Your task:
Since only part of the records is wanted, repeat exactly the lines from the one containing "Cartão Postal Biquíni" through the last line, both included.

Records for this task Block Start

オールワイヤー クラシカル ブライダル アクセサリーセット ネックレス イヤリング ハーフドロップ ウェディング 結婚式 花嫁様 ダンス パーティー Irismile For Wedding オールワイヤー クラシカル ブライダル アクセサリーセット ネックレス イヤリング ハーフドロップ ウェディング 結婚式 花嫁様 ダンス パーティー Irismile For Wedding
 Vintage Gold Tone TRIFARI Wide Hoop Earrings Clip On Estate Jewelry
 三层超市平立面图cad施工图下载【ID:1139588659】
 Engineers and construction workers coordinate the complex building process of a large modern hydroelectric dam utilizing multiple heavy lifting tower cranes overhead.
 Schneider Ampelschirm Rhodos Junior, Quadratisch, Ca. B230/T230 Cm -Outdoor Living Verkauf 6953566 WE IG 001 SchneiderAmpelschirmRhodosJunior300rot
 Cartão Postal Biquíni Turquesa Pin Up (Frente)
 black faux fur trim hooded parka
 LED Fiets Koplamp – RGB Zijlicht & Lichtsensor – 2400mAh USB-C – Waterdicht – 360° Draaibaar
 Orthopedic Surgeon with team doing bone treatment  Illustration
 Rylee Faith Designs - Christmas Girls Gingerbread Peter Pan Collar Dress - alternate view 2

Records for this task Block End

Response to this task:
 Cartão Postal Biquíni Turquesa Pin Up (Frente)
 black faux fur trim hooded parka
 LED Fiets Koplamp – RGB Zijlicht & Lichtsensor – 2400mAh USB-C – Waterdicht – 360° Draaibaar
 Orthopedic Surgeon with team doing bone treatment  Illustration
 Rylee Faith Designs - Christmas Girls Gingerbread Peter Pan Collar Dress - alternate view 2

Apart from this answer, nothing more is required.